WELCOME TO BELLONA

04/04/20

by Valentina Zamfirescu

val1.JPG

I was thinking how, in Samuel Delaney’s epic 1974 novel “Dhalgren,” the main subjects (and objects and settings, etc.) are sort of peripheral things and ideas even though they are the central points of the book. Bellona, the city where the book takes place, is peripheral—a quarantined Midwestern city that suffered some sort of disaster and has now been forgotten by the rest of the country and the world. “Kidd” is the main character in the book (and maybe its writer), but because he has forgotten his name and most of his past, he becomes peripheral to himself. He relies on instinct to operate in the world. All that he has learned and forgotten still operates in the background and still makes him who he is. Everything is informed by instinct. Instinct operates peripherally, hidden in our daily navigation of the world, as background algorithms predicting what we’re going to do. Instincts are learned behaviors over a lifetime of experiences, but they come out as mere feelings, feelings which inform our drives. Who’s driving?

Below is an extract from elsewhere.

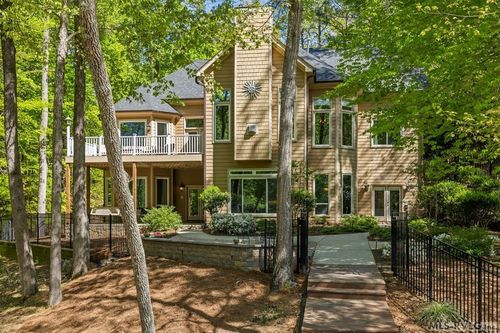 104 West Pointe Drive, Macon, NC, 27551 | Card Image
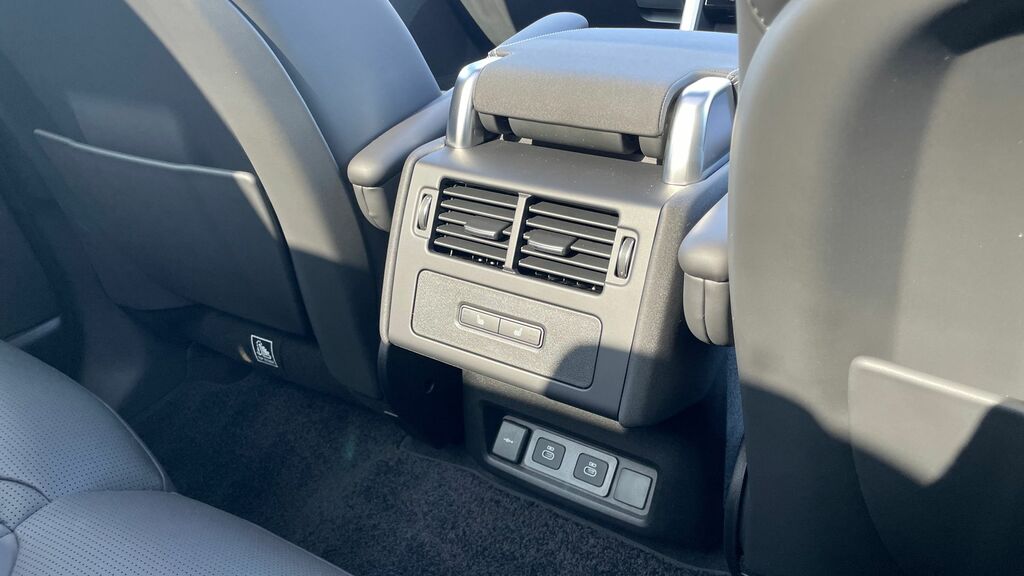 Land Rover Discovery 2026 26 Brand Grey #18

Unity 3d build “stretches”

In my work, when I’m faced with something as front-facing as VR I turn to the periphery for a sort of guidance. Or I see the peripheral as the place with the most potential. When we walk through the world, we recognize what’s in front of us, take it in and analyze it. We rarely do that with the peripheral things we absorb—even though they inform the way we move through space just as much as the more conspicuous frontal cues. 

For the work I will present in the black box that is Zoom, I plucked audio fragments from “Dhalgren” being read aloud, thinking of them as peripheral to a video of me worldbuilding in the 3D editing software Unity. The disembodied audio complements a screen recording of the disembodied process of navigating interfaces, digitally materialized volumetric spaces, lighting and atmospheric effects.  

Cover of Dhalgren by Samuel R. Delany. First published by Bantam Books, New York NY, 1975.

Cover of Dhalgren by Samuel R. Delany. First published by Bantam Books, New York NY, 1975.

The way that Dhalgren is written is fragmented and disorienting; the way time works in the book—as it seems to stretch, loop, compress—is maybe similar to how we’re all feeling currently. Delaney, whose 78th birthday was April 1, knew half a century ago how to describe what we’re feeling today: 

“I have to keep mentioning this timelessness because the phenomenon irritates the part of the mind over which time’s passage registers, so that instants, seconds, minutes are painfully real; but hours—much less days and weeks—are left-over noises from a dead tongue.”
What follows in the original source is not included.